Tech giant Microsoft is to reduce the size of its global workforce by 3%, despite strong results in its latest quarter.
Microsoft employs around 230,000 people worldwide, meaning the reduction in headcount could affect about 6,000 roles, but the company has not specified numbers. More than half of its employees work in the US.
Microsoft said the redundancies will be across all levels and geographies, but will focus on reducing management levels. Notices to employees were sent yesterday.
“We continue to implement organisational changes necessary to best position the company for success in a dynamic marketplace,” Microsoft said in a statement.
Microsoft last announced global job cuts on this scale in January 2023, alongside numerous tech companies at the time, when it outlined plans to lay off around 10,000 workers.
Tech companies have been investing significantly in AI recently. Gil Luria, head of technology research at DA Davidson Companies, said the job cuts showed Microsoft was “very closely” managing the pressure on its profit margins created by its increased AI investments.

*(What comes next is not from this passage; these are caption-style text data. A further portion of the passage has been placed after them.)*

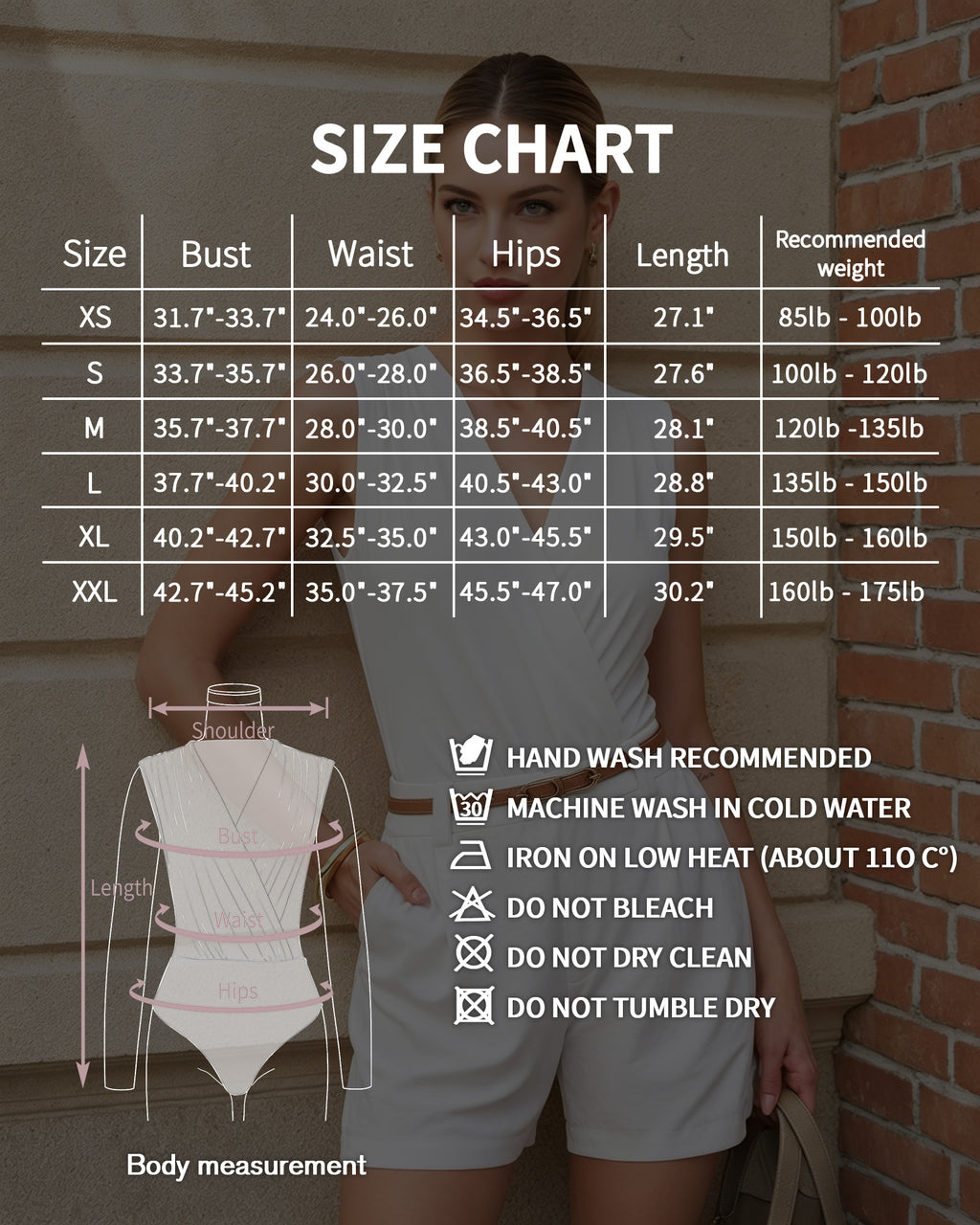 MANGOPOP Womens Floral Blouses Dressy Casual V Neck Button Down Shirts 2026 Boho Tops Fashion Clothing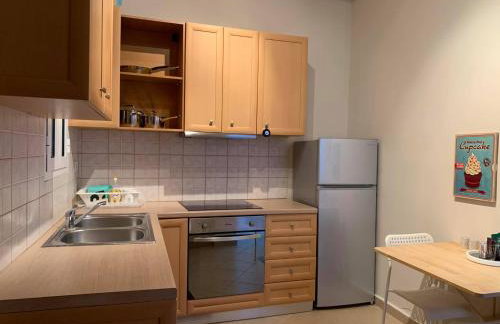 Summerhouse - Foto 75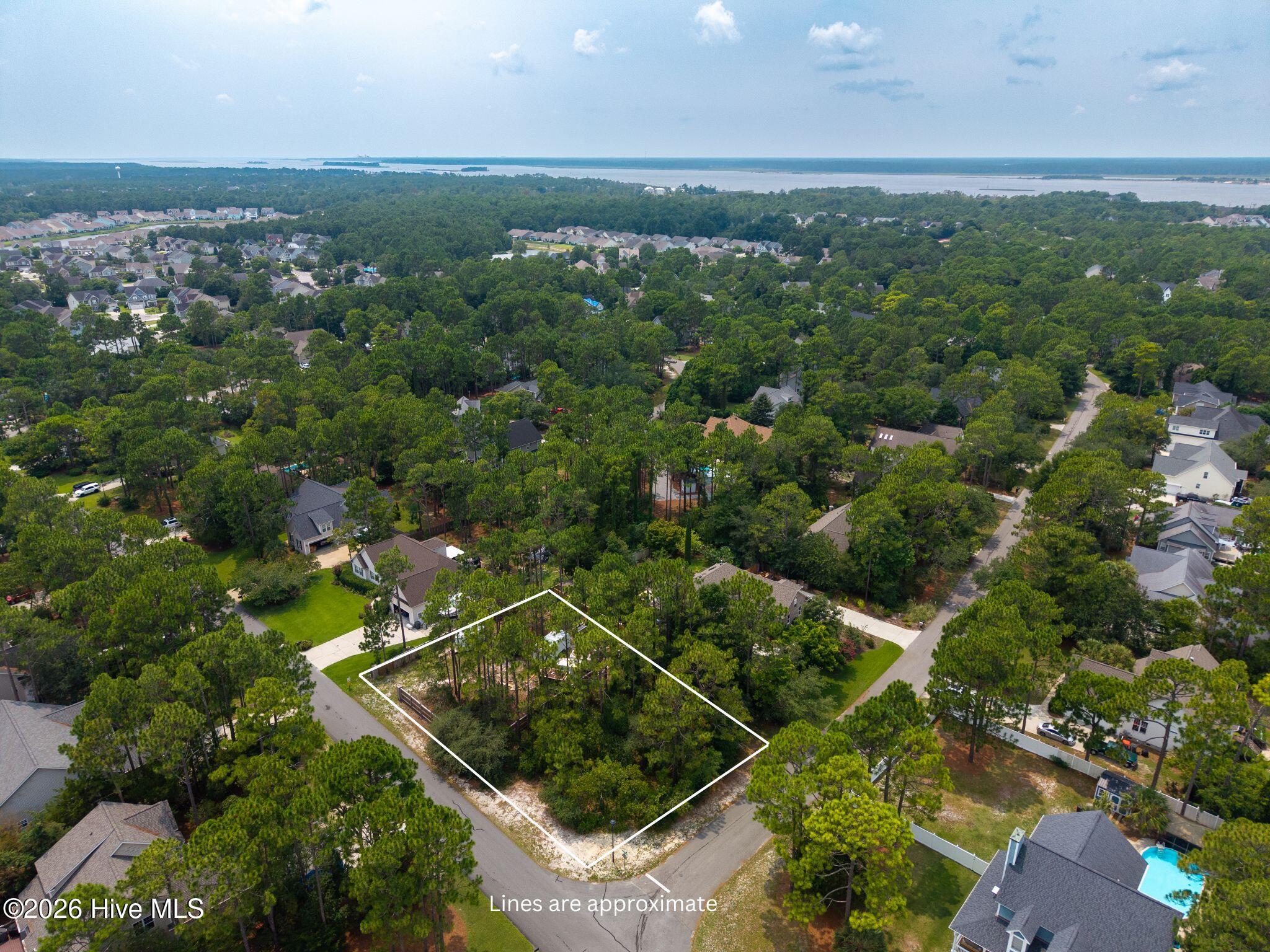 514 Superior Road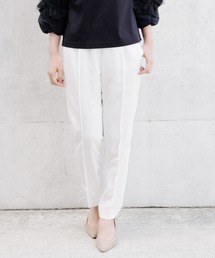 STRAWBERRY-FIELDS�i�X�g���x���[�t�B�[���Y�j�́u�Z���[�W���c�C���@�����O�p���c�i�p���c�j�v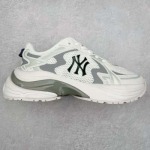 2025年1月27日新品入荷＃PB MLB New York YaNikeees Curve Runner スニーカー/ランニングシューズ/カジュアルシューズ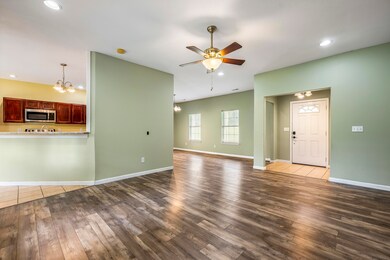 12722 E State Highway 90, Washburn, MO 65772 - photo 7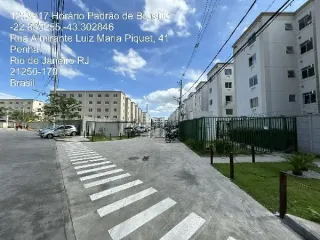 Imagem do imóvel AP07291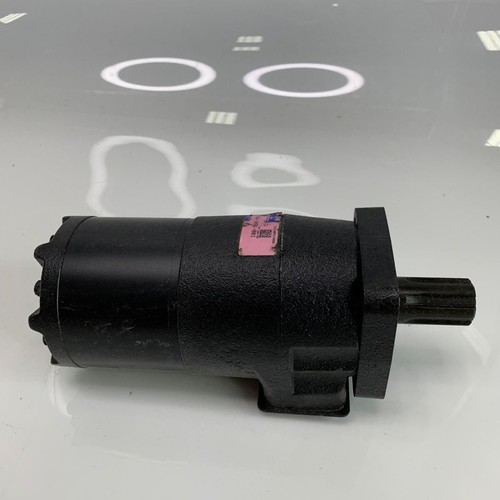 EATON Charlynn Hydraulic Geroler Spool Valve Motor 1581071001 eBay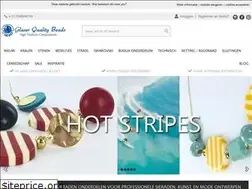 Sites similar to glaser.nl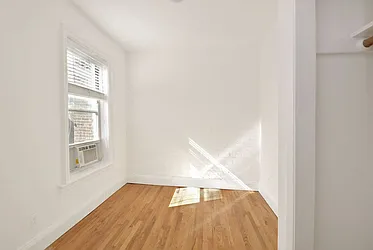 Rented by LJ Sloane Management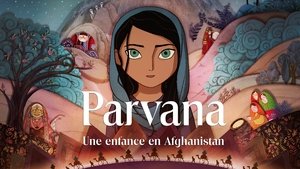 The Breadwinner (El pan de la guerra)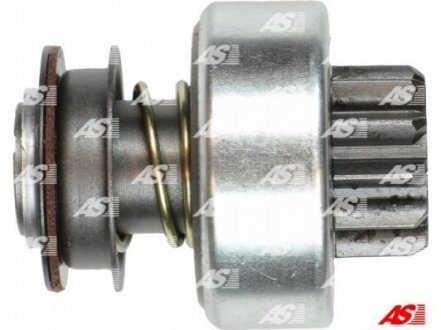 Бендикс стартера SD0053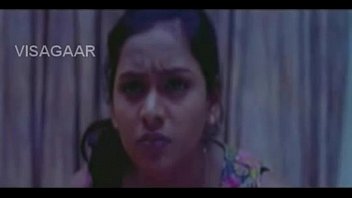 Lesbian, Brunette, Busty, Bigtits, Bigboobs, Naturaltits, Indian, Softcore, Naturalboobs, Mallu, Boo - Big_tits - 2025 - Steamy - Performance - Video 6058868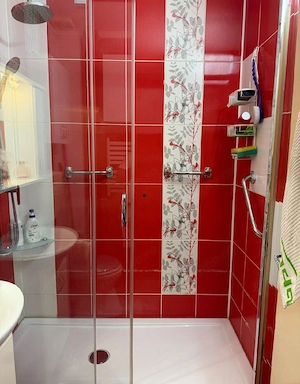 vand apartament - imagine 5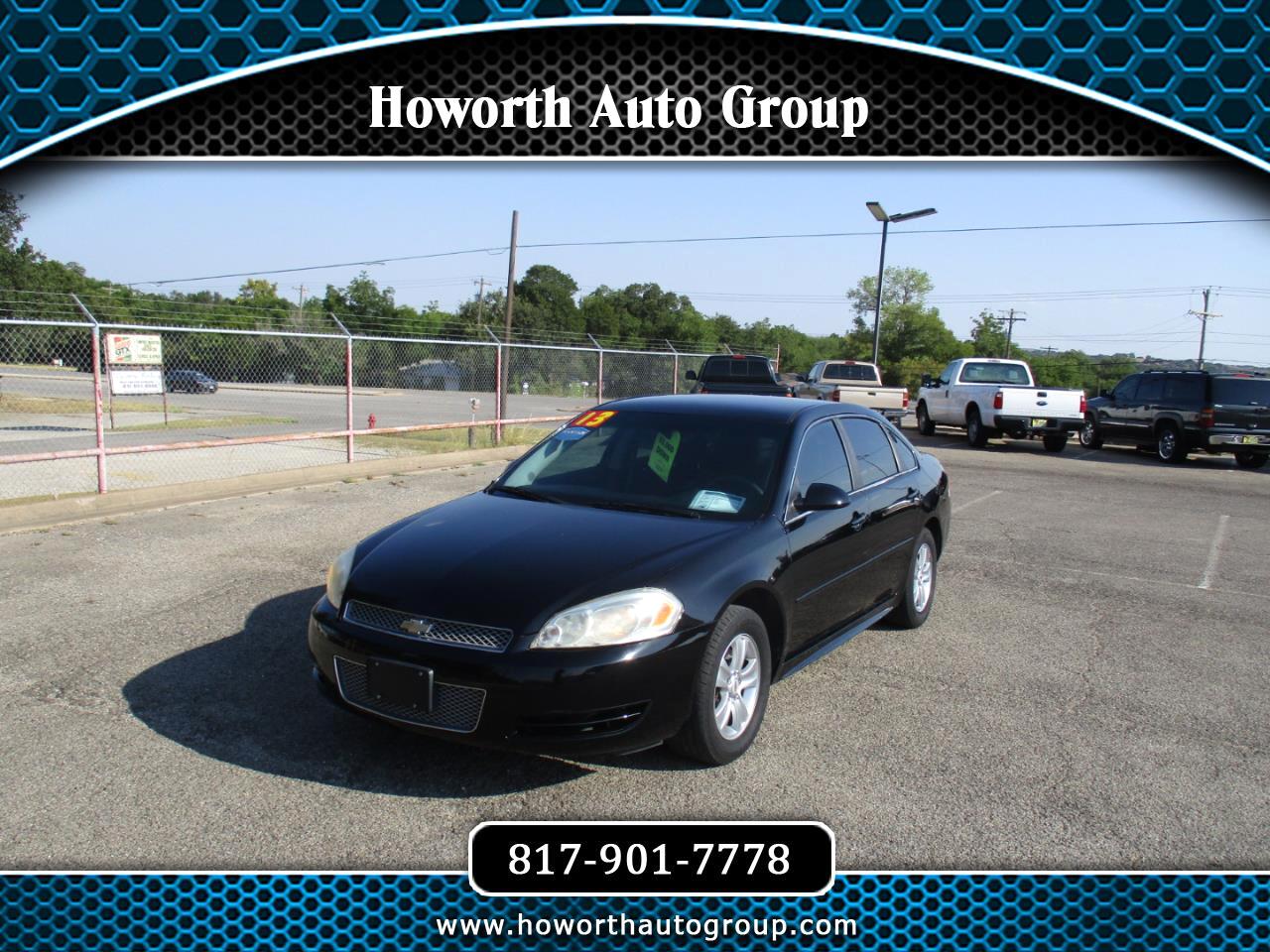 Buy Here Pay Here Cars for Sale Weatherford TX 76086 Howorth Auto Group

“We believe that every year Microsoft invests at the current levels, it would need to reduce headcount by at least 10,000 in order to make up for the higher depreciation levels due to their capital expenditures,” he told Reuters.
Last month, Microsoft announced third quarter results, with revenues up 13% to $70.1bn, and net income up 18% to $25.8bn. It said the strong results were driven by its Cloud and AI activities.
Last week, cybersecurity software provider CrowdStrike outlined plans to cut 5% of its workforce.